The Overview dashboard provides a centralized view for IT administrators managing EDA workloads across multiple FSx for ONTAP file systems. Use it to quickly assess cluster health and usage, decide where to place new volumes or jobs, identify candidates for moving volumes or SVMs, and determine when to scale capacity or throughput.

Overview

The Overview dashboard collects CloudWatch metrics for all FSx for ONTAP file systems associated with your configured AWS credentials.

It includes:

  • Cluster health status: Summary information at the top that highlights latency events, SSD utilization and capacity recommendations, and ONTAP EMS events across your file systems.

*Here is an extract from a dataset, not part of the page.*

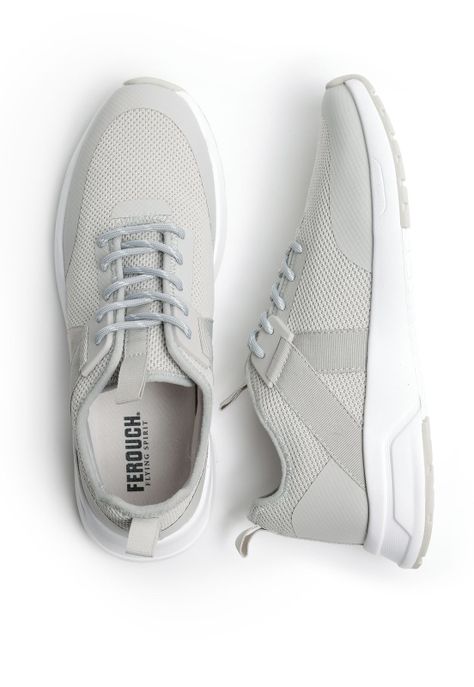 Zapatillas Portland Grey-3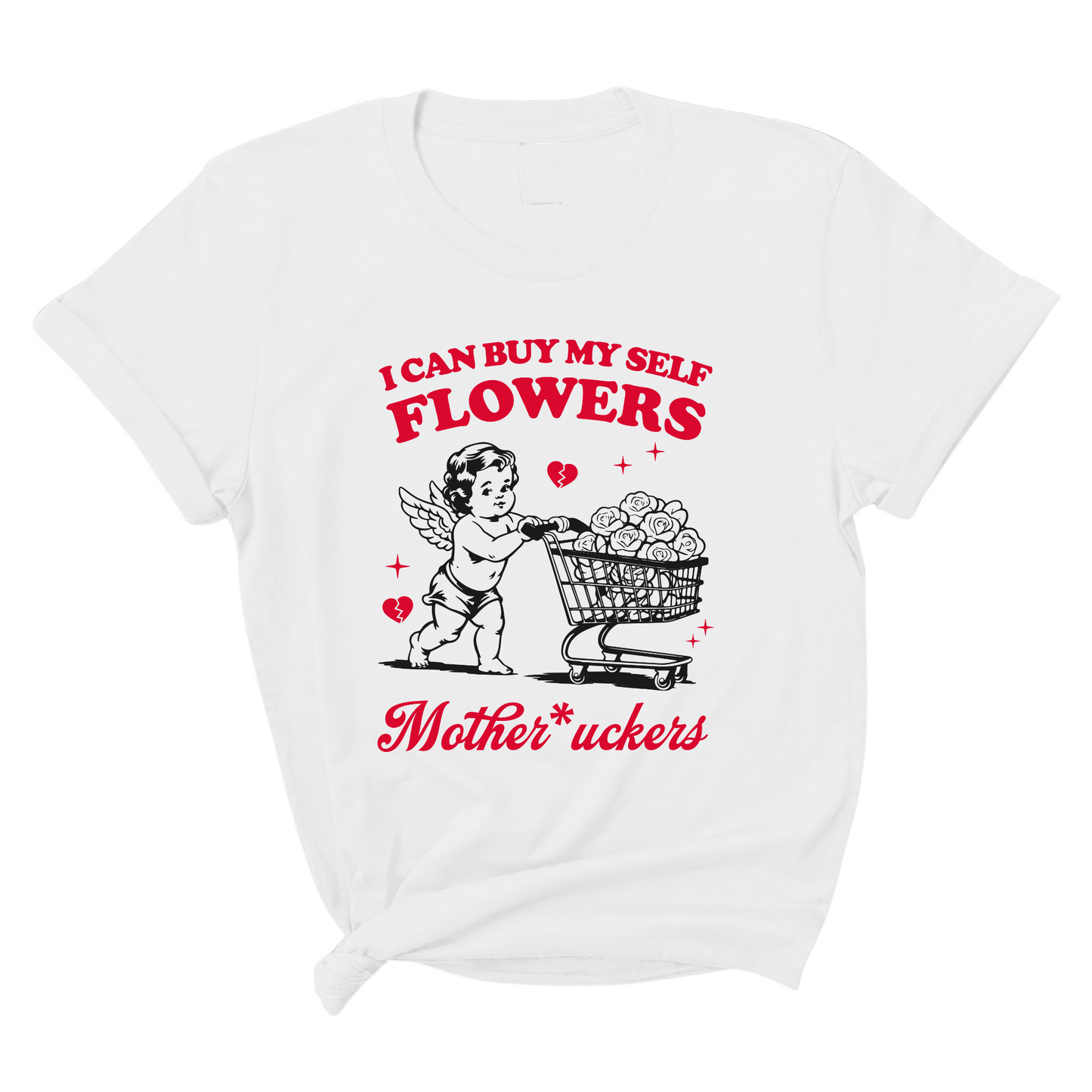 I Can Buy Myself Flowers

  • Clusters table: A detailed, searchable table showing usage and performance metrics for each cluster, with support for filtering, sorting, pagination, and CSV export.

It helps you:

  • Place new volumes and rebalance workloads

  • Plan capacity or throughput scaling

  • Monitor cluster health at scale

  • Make informed decisions about volume placement

  • Identify clusters approaching capacity limits

Dashboard components

Cluster health status

The cluster health status provides a snapshot of activity across your filtered file systems. This information is only shown when at least one FSx for ONTAP link is associated with your file systems.

The health status includes the following areas:

Latency

Displays the number of latency events detected across the file systems in scope. You can only view latency information if you have enabled latency monitoring.

SSD capacity management

Displays the number of file systems with SSD usage above 80% and the number of file systems with active capacity recommendations. This helps you quickly identify file systems that might require capacity attention.

ONTAP events

Displays the number of EMS events detected, categorized by Capacity, Availability & protection, and Security & other.

Clusters table

The clusters table provides a detailed view of each FSx for ONTAP file system, filtered by your active region and AWS account selections. Data is collected from CloudWatch metrics.

Use the table to:

  • Identify file systems approaching capacity limits (SSD usage column)

  • Compare throughput demand to provisioned throughput SKU (Throughput usage P99 column)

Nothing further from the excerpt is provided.